■ TASK STATEMENT ■
The whole set of entries is to be restated word for word.

··· SUPPLIED ENTRIES

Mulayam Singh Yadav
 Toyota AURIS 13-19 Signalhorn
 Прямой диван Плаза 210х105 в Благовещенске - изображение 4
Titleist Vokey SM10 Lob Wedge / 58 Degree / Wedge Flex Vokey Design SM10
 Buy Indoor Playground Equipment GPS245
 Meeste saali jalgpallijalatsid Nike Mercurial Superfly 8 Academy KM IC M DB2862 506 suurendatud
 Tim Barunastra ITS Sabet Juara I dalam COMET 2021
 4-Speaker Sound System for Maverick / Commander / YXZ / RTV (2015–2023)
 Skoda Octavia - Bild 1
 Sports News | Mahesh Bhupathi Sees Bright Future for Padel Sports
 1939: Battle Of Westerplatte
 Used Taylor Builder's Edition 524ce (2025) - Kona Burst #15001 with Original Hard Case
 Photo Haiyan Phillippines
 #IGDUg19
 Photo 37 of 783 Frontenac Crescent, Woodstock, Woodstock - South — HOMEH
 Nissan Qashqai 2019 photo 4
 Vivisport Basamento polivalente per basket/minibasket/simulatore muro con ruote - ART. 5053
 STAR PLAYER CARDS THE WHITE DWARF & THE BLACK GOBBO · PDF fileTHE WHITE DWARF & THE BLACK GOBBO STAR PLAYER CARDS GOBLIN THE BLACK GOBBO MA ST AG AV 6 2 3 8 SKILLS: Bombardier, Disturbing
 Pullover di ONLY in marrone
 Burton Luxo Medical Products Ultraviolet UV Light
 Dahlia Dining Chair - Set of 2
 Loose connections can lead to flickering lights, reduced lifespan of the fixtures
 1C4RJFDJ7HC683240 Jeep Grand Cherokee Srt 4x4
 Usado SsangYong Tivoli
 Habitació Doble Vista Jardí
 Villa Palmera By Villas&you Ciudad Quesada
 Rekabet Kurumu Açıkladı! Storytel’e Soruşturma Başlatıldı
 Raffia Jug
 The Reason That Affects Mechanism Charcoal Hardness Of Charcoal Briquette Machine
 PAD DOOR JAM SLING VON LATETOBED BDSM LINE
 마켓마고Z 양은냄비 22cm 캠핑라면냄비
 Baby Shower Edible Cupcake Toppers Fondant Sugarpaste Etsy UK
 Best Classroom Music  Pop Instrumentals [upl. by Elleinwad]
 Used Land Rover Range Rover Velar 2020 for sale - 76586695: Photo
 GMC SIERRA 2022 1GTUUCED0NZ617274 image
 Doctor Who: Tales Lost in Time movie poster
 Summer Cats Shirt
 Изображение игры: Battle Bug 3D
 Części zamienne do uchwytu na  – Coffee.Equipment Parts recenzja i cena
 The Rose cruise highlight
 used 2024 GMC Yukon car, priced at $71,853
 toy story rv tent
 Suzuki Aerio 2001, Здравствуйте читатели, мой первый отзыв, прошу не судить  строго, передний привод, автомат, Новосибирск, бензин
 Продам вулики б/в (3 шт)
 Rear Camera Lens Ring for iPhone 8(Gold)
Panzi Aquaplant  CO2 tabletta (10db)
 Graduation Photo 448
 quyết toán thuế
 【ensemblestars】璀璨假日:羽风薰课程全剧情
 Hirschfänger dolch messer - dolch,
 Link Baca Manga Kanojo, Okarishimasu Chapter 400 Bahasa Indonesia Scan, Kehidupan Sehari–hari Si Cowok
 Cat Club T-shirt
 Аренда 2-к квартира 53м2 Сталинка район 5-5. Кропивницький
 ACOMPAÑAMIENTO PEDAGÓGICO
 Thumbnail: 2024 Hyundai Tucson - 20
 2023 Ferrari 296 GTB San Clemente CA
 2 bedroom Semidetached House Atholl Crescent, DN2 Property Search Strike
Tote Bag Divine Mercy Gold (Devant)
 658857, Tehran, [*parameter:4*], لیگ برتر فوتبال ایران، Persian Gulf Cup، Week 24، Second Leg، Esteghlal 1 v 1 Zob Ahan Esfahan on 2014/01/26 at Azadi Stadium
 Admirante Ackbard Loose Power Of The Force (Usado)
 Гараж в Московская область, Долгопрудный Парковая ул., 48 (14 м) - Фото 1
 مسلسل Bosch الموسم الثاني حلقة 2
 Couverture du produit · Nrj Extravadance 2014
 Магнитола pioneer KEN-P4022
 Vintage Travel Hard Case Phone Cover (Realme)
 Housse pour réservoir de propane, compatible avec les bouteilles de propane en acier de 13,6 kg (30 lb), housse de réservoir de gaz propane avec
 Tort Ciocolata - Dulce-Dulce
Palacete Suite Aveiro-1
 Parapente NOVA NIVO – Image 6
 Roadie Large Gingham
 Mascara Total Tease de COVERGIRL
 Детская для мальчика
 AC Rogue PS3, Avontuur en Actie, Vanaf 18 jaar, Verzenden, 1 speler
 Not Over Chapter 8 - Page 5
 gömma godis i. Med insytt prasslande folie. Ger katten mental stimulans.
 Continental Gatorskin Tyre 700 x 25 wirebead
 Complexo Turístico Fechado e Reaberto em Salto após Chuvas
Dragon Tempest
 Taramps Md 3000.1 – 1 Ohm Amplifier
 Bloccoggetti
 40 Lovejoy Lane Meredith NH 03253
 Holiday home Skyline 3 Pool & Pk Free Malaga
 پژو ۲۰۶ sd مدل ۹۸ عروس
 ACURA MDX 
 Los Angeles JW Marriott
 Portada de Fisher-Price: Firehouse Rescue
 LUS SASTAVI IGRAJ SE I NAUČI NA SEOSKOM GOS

······

■ RESPONSE TO THE TASK ■
Mulayam Singh Yadav
 Toyota AURIS 13-19 Signalhorn
 Прямой диван Плаза 210х105 в Благовещенске - изображение 4
Titleist Vokey SM10 Lob Wedge / 58 Degree / Wedge Flex Vokey Design SM10
 Buy Indoor Playground Equipment GPS245
 Meeste saali jalgpallijalatsid Nike Mercurial Superfly 8 Academy KM IC M DB2862 506 suurendatud
 Tim Barunastra ITS Sabet Juara I dalam COMET 2021
 4-Speaker Sound System for Maverick / Commander / YXZ / RTV (2015–2023)
 Skoda Octavia - Bild 1
 Sports News | Mahesh Bhupathi Sees Bright Future for Padel Sports
 1939: Battle Of Westerplatte
 Used Taylor Builder's Edition 524ce (2025) - Kona Burst #15001 with Original Hard Case
 Photo Haiyan Phillippines
 #IGDUg19
 Photo 37 of 783 Frontenac Crescent, Woodstock, Woodstock - South — HOMEH
 Nissan Qashqai 2019 photo 4
 Vivisport Basamento polivalente per basket/minibasket/simulatore muro con ruote - ART. 5053
 STAR PLAYER CARDS THE WHITE DWARF & THE BLACK GOBBO · PDF fileTHE WHITE DWARF & THE BLACK GOBBO STAR PLAYER CARDS GOBLIN THE BLACK GOBBO MA ST AG AV 6 2 3 8 SKILLS: Bombardier, Disturbing
 Pullover di ONLY in marrone
 Burton Luxo Medical Products Ultraviolet UV Light
 Dahlia Dining Chair - Set of 2
 Loose connections can lead to flickering lights, reduced lifespan of the fixtures
 1C4RJFDJ7HC683240 Jeep Grand Cherokee Srt 4x4
 Usado SsangYong Tivoli
 Habitació Doble Vista Jardí
 Villa Palmera By Villas&you Ciudad Quesada
 Rekabet Kurumu Açıkladı! Storytel’e Soruşturma Başlatıldı
 Raffia Jug
 The Reason That Affects Mechanism Charcoal Hardness Of Charcoal Briquette Machine
 PAD DOOR JAM SLING VON LATETOBED BDSM LINE
 마켓마고Z 양은냄비 22cm 캠핑라면냄비
 Baby Shower Edible Cupcake Toppers Fondant Sugarpaste Etsy UK
 Best Classroom Music  Pop Instrumentals [upl. by Elleinwad]
 Used Land Rover Range Rover Velar 2020 for sale - 76586695: Photo
 GMC SIERRA 2022 1GTUUCED0NZ617274 image
 Doctor Who: Tales Lost in Time movie poster
 Summer Cats Shirt
 Изображение игры: Battle Bug 3D
 Części zamienne do uchwytu na  – Coffee.Equipment Parts recenzja i cena
 The Rose cruise highlight
 used 2024 GMC Yukon car, priced at $71,853
 toy story rv tent
 Suzuki Aerio 2001, Здравствуйте читатели, мой первый отзыв, прошу не судить  строго, передний привод, автомат, Новосибирск, бензин
 Продам вулики б/в (3 шт)
 Rear Camera Lens Ring for iPhone 8(Gold)
Panzi Aquaplant  CO2 tabletta (10db)
 Graduation Photo 448
 quyết toán thuế
 【ensemblestars】璀璨假日:羽风薰课程全剧情
 Hirschfänger dolch messer - dolch,
 Link Baca Manga Kanojo, Okarishimasu Chapter 400 Bahasa Indonesia Scan, Kehidupan Sehari–hari Si Cowok
 Cat Club T-shirt
 Аренда 2-к квартира 53м2 Сталинка район 5-5. Кропивницький
 ACOMPAÑAMIENTO PEDAGÓGICO
 Thumbnail: 2024 Hyundai Tucson - 20
 2023 Ferrari 296 GTB San Clemente CA
 2 bedroom Semidetached House Atholl Crescent, DN2 Property Search Strike
Tote Bag Divine Mercy Gold (Devant)
 658857, Tehran, [*parameter:4*], لیگ برتر فوتبال ایران، Persian Gulf Cup، Week 24، Second Leg، Esteghlal 1 v 1 Zob Ahan Esfahan on 2014/01/26 at Azadi Stadium
 Admirante Ackbard Loose Power Of The Force (Usado)
 Гараж в Московская область, Долгопрудный Парковая ул., 48 (14 м) - Фото 1
 مسلسل Bosch الموسم الثاني حلقة 2
 Couverture du produit · Nrj Extravadance 2014
 Магнитола pioneer KEN-P4022
 Vintage Travel Hard Case Phone Cover (Realme)
 Housse pour réservoir de propane, compatible avec les bouteilles de propane en acier de 13,6 kg (30 lb), housse de réservoir de gaz propane avec
 Tort Ciocolata - Dulce-Dulce
Palacete Suite Aveiro-1
 Parapente NOVA NIVO – Image 6
 Roadie Large Gingham
 Mascara Total Tease de COVERGIRL
 Детская для мальчика
 AC Rogue PS3, Avontuur en Actie, Vanaf 18 jaar, Verzenden, 1 speler
 Not Over Chapter 8 - Page 5
 gömma godis i. Med insytt prasslande folie. Ger katten mental stimulans.
 Continental Gatorskin Tyre 700 x 25 wirebead
 Complexo Turístico Fechado e Reaberto em Salto após Chuvas
Dragon Tempest
 Taramps Md 3000.1 – 1 Ohm Amplifier
 Bloccoggetti
 40 Lovejoy Lane Meredith NH 03253
 Holiday home Skyline 3 Pool & Pk Free Malaga
 پژو ۲۰۶ sd مدل ۹۸ عروس
 ACURA MDX 
 Los Angeles JW Marriott
 Portada de Fisher-Price: Firehouse Rescue
 LUS SASTAVI IGRAJ SE I NAUČI NA SEOSKOM GOS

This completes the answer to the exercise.